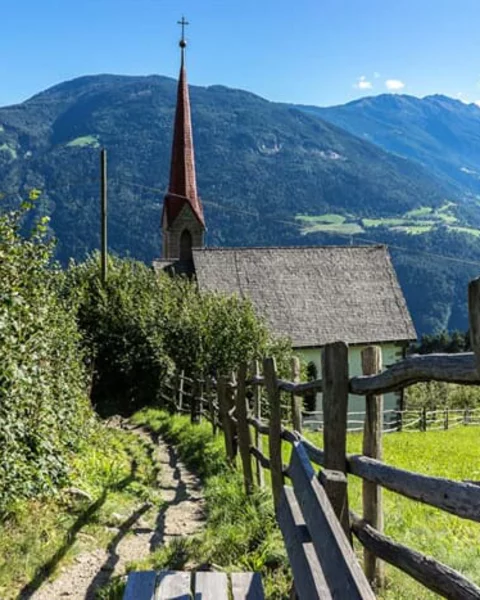 Vellau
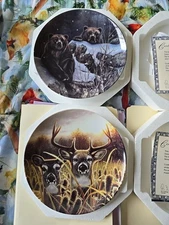 Bradford Exchange Eyes Of The Wild Collectors Complete Set Of 8 Plates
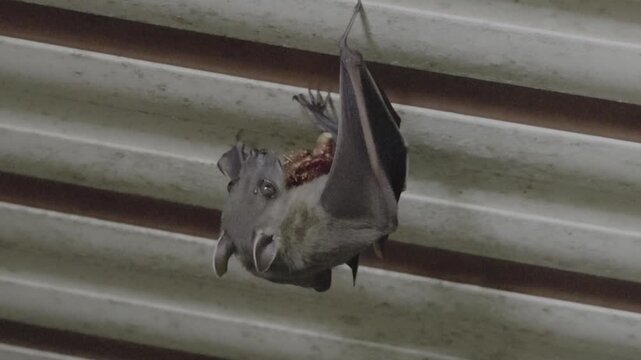 Close-up static shot capturing the facial details, prominent ears, and alert eyes of a fruit bat hanging inverted from an artificial slatted overhang while actively biting and consuming fruit.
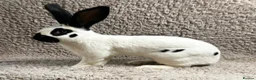 Continental Giant rabbits for sale: Georgeus Giant Papillon Babies - Advert 3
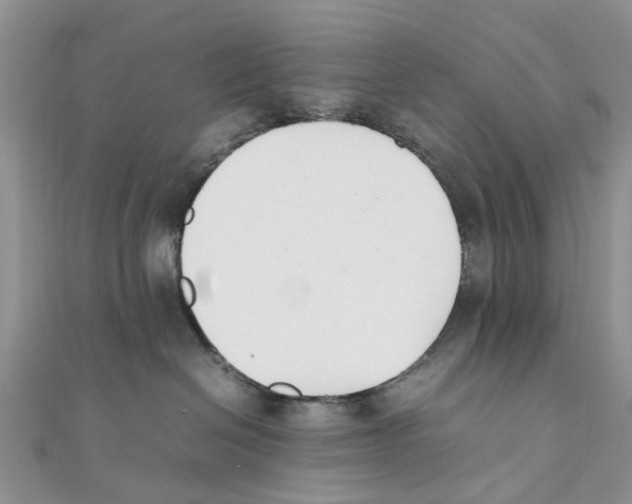 X0000111500286200908111253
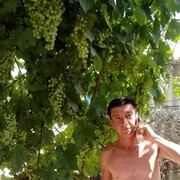 ���������� �����, ���� ������� ����, 44 ����, ������������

**TASK PROMPT:**
Would you please set down the data above again exactly, without its pictures?

**SOLUTION BELOW:**
 Vellau
 Bradford Exchange Eyes Of The Wild Collectors Complete Set Of 8 Plates
 Close-up static shot capturing the facial details, prominent ears, and alert eyes of a fruit bat hanging inverted from an artificial slatted overhang while actively biting and consuming fruit.
 Continental Giant rabbits for sale: Georgeus Giant Papillon Babies - Advert 3
 X0000111500286200908111253
 ���������� �����, ���� ������� ����, 44 ����, ������������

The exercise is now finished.